Supplied information:
*** Begin section ***

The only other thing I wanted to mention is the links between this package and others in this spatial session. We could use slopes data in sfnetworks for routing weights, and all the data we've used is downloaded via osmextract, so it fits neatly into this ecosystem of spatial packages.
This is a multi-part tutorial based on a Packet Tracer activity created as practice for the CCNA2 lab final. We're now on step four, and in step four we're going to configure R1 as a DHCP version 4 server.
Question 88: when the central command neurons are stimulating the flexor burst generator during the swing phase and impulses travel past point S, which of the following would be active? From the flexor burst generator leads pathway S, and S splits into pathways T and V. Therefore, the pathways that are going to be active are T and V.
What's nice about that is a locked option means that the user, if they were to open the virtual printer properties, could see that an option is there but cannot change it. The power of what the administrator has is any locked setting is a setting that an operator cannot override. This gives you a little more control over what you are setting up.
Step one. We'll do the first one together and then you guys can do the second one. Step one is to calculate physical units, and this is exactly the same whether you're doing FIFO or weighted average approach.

*** End section ***
*** Begin section ***

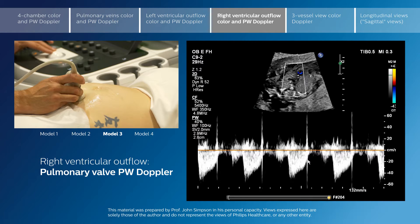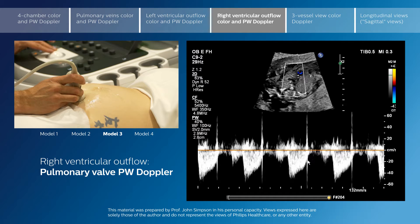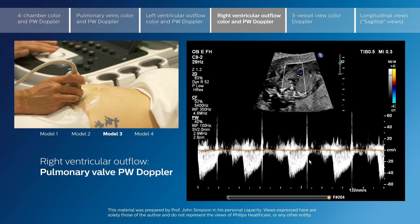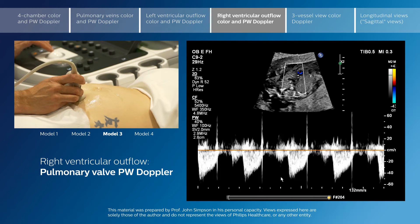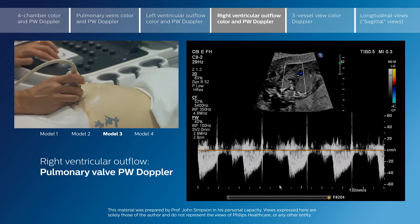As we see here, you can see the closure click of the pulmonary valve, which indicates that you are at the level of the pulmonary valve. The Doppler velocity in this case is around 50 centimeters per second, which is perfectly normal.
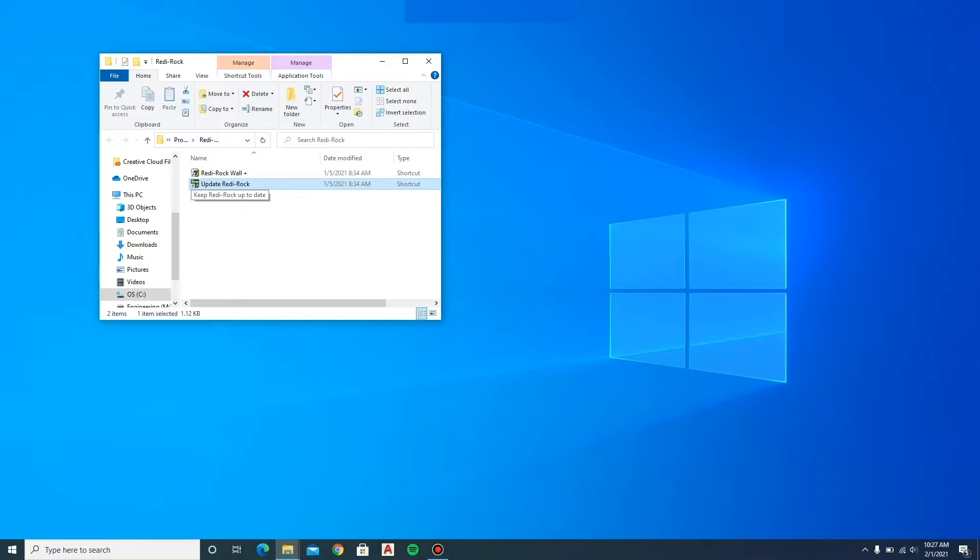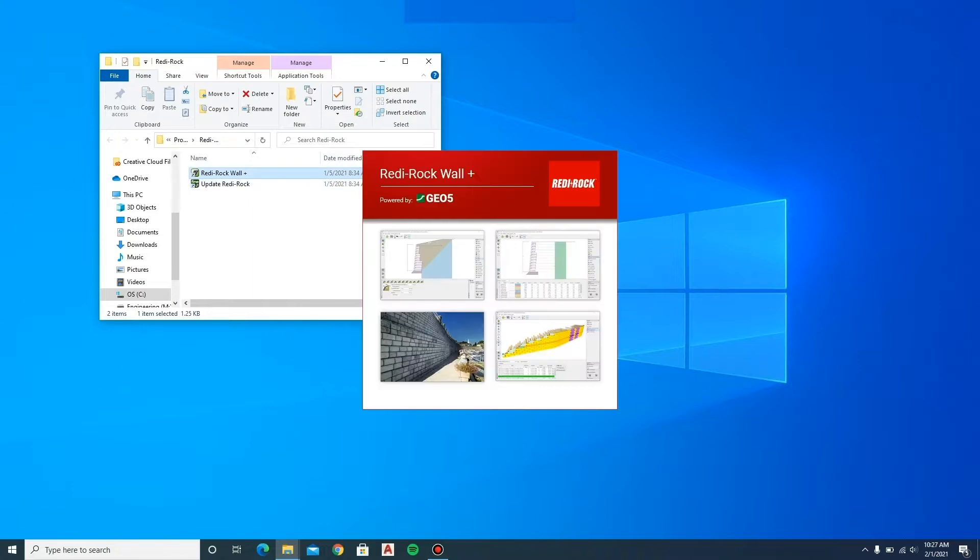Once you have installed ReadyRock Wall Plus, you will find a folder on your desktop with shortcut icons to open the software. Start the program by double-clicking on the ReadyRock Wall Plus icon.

*** End section ***
*** Begin section ***

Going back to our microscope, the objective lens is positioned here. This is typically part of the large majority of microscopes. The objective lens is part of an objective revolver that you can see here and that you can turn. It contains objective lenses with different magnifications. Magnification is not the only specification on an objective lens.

*** End section ***

Exercise requirements: Would you print exactly and only the lines of the material above that run from the line with "The only other" through the line with "This is a multi-part", both included?

Solution:
The only other thing I wanted to mention is the links between this package and others in this spatial session. We could use slopes data in sfnetworks for routing weights, and all the data we've used is downloaded via osmextract, so it fits neatly into this ecosystem of spatial packages.
This is a multi-part tutorial based on a Packet Tracer activity created as practice for the CCNA2 lab final. We're now on step four, and in step four we're going to configure R1 as a DHCP version 4 server.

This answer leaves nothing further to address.